* TASK TO CARRY OUT
Exactly as written, retype the lines that run from the line holding "Esplanade du Trocadero" through the end of the records below. Do not include pictures.
================
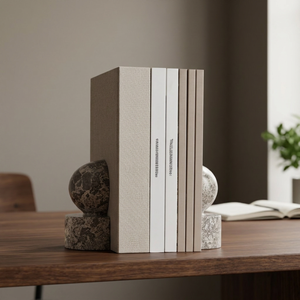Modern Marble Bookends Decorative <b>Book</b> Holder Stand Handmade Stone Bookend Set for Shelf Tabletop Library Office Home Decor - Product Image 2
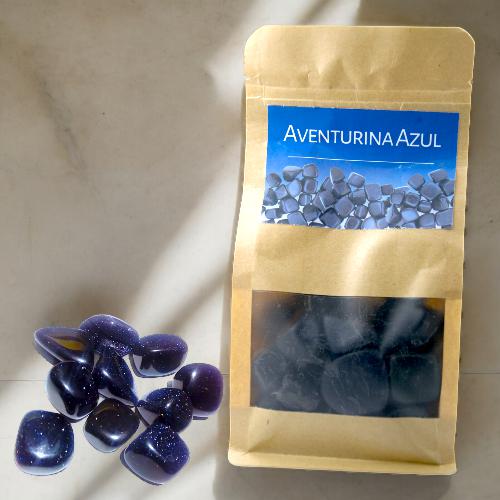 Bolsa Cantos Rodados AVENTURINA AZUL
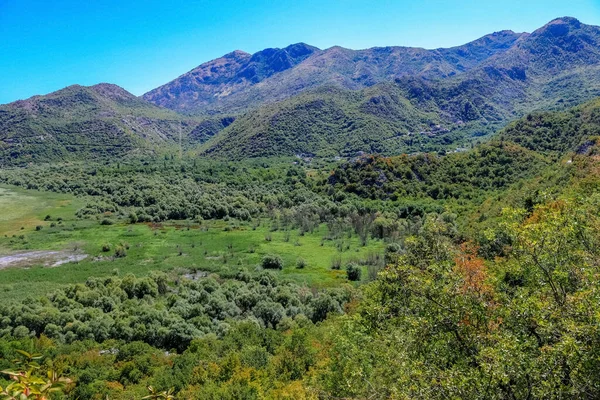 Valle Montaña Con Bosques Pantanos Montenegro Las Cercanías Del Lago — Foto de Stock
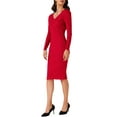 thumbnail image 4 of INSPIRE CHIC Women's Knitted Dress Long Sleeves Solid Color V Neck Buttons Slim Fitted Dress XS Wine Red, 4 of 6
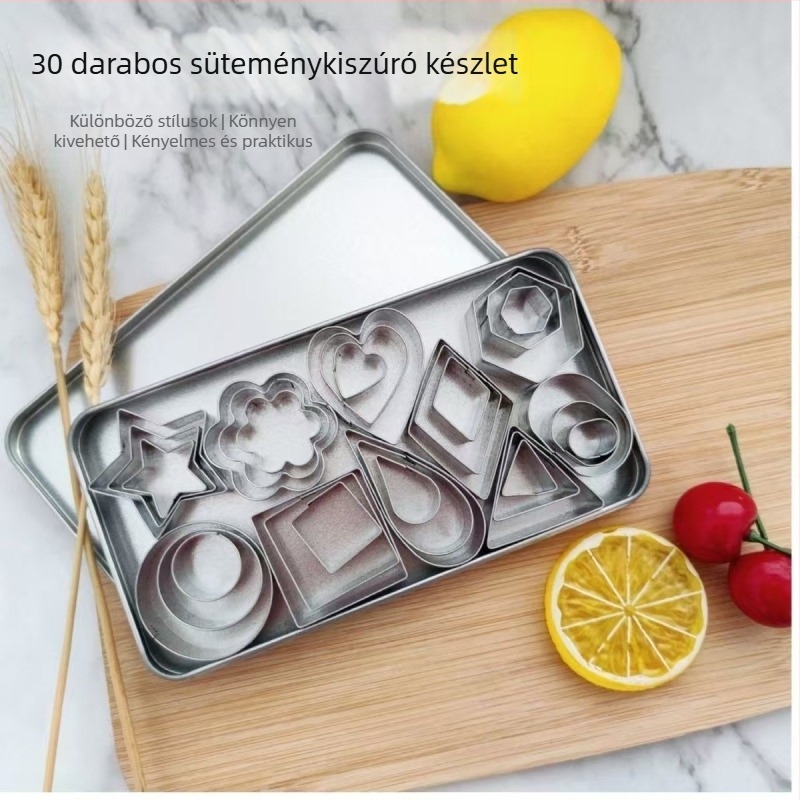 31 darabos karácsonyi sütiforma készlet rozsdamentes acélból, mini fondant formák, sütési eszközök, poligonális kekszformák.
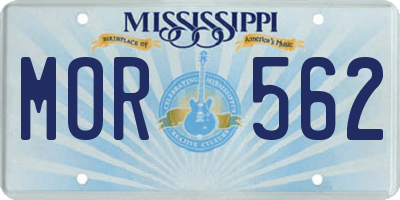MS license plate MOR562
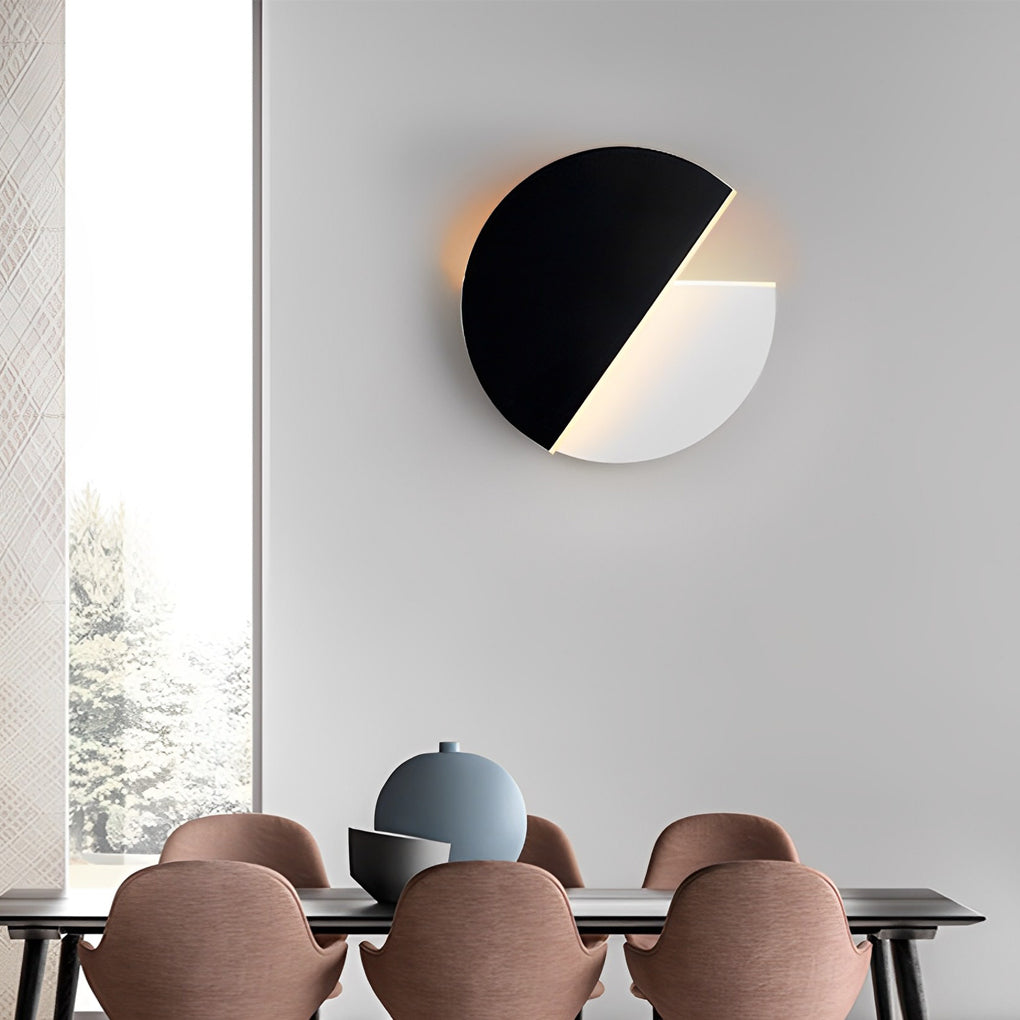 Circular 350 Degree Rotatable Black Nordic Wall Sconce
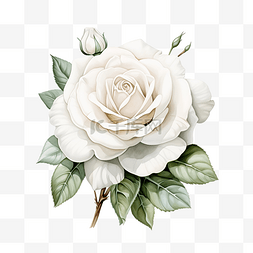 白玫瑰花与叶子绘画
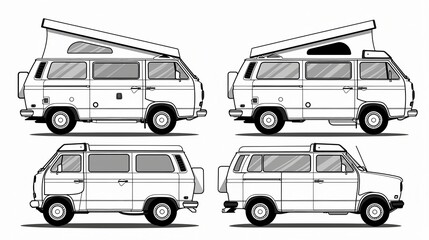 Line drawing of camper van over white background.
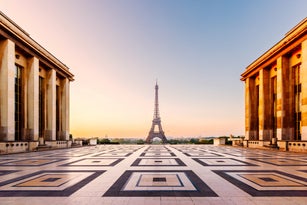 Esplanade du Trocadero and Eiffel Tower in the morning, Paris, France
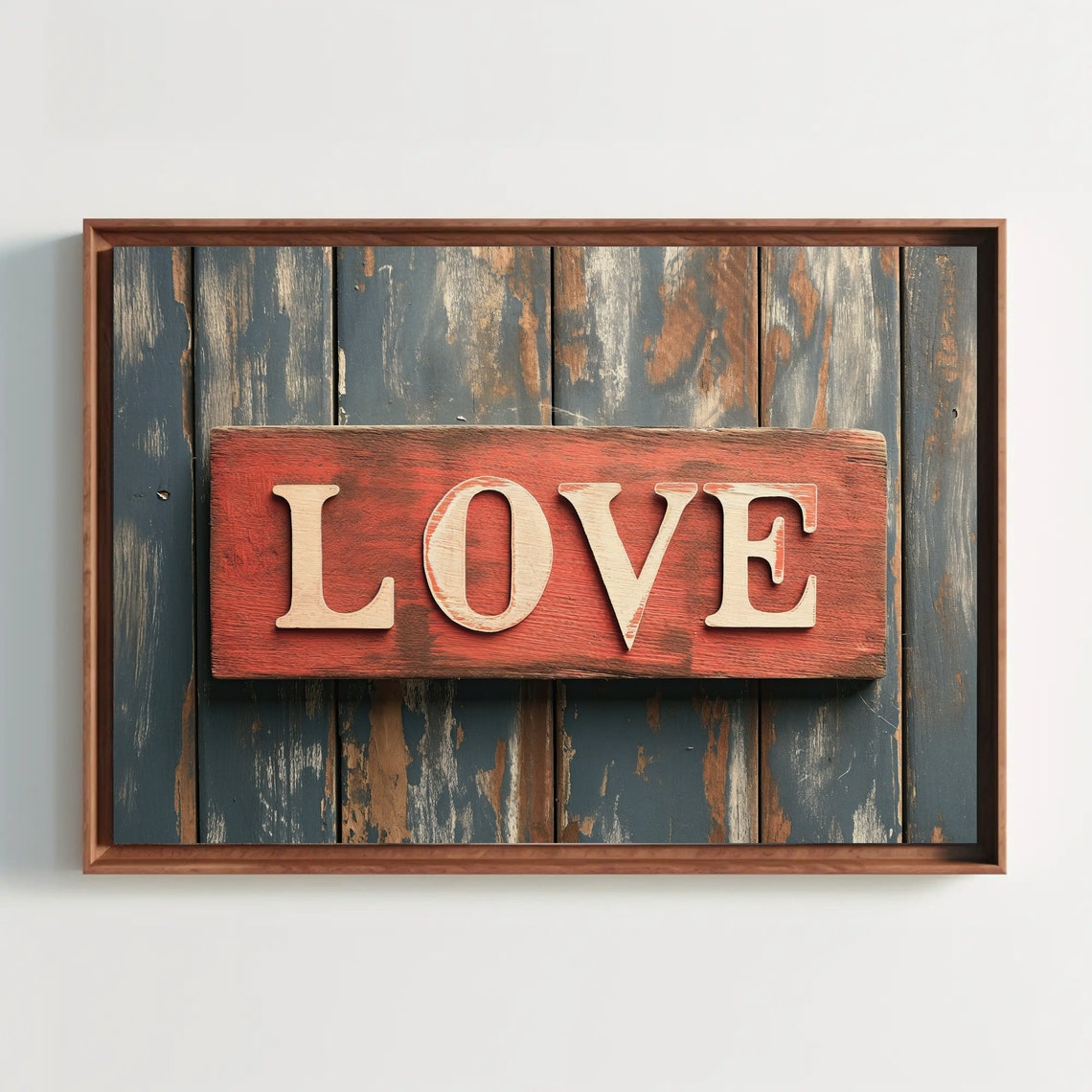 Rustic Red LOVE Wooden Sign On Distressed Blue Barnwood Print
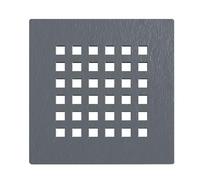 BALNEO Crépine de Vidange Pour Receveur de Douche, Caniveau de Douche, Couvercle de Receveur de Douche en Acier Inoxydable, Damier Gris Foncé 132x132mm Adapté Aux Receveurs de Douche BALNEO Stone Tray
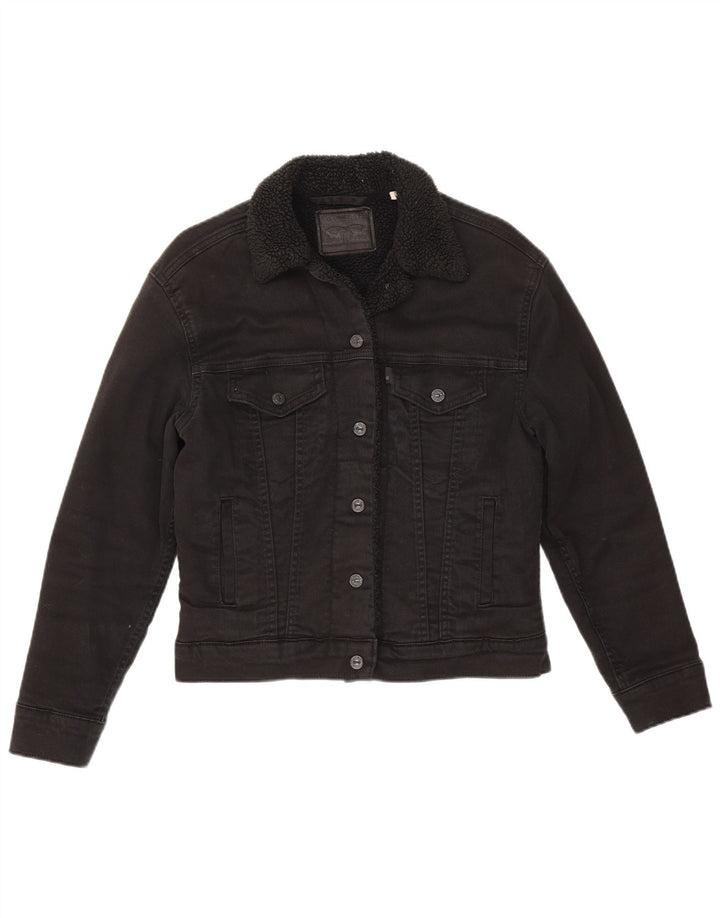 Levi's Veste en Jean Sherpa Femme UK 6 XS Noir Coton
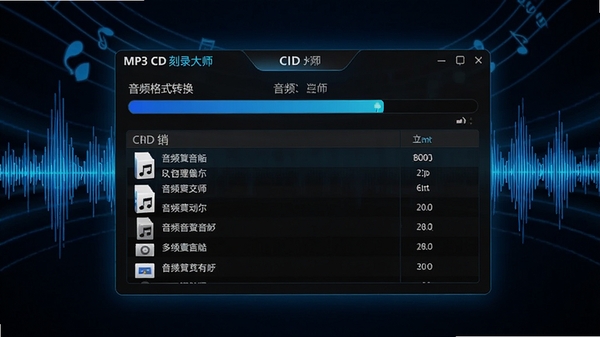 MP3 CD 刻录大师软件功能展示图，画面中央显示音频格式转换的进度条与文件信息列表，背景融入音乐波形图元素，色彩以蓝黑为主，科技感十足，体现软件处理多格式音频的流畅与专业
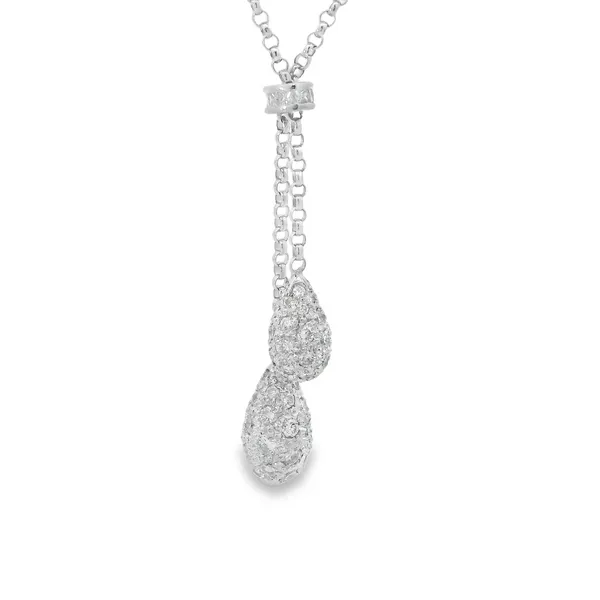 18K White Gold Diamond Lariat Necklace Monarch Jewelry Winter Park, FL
================
* RESULT
 Esplanade du Trocadero and Eiffel Tower in the morning, Paris, France
 Rustic Red LOVE Wooden Sign On Distressed Blue Barnwood Print
 BALNEO Crépine de Vidange Pour Receveur de Douche, Caniveau de Douche, Couvercle de Receveur de Douche en Acier Inoxydable, Damier Gris Foncé 132x132mm Adapté Aux Receveurs de Douche BALNEO Stone Tray
 Levi's Veste en Jean Sherpa Femme UK 6 XS Noir Coton
 MP3 CD 刻录大师软件功能展示图，画面中央显示音频格式转换的进度条与文件信息列表，背景融入音乐波形图元素，色彩以蓝黑为主，科技感十足，体现软件处理多格式音频的流畅与专业
 18K White Gold Diamond Lariat Necklace Monarch Jewelry Winter Park, FL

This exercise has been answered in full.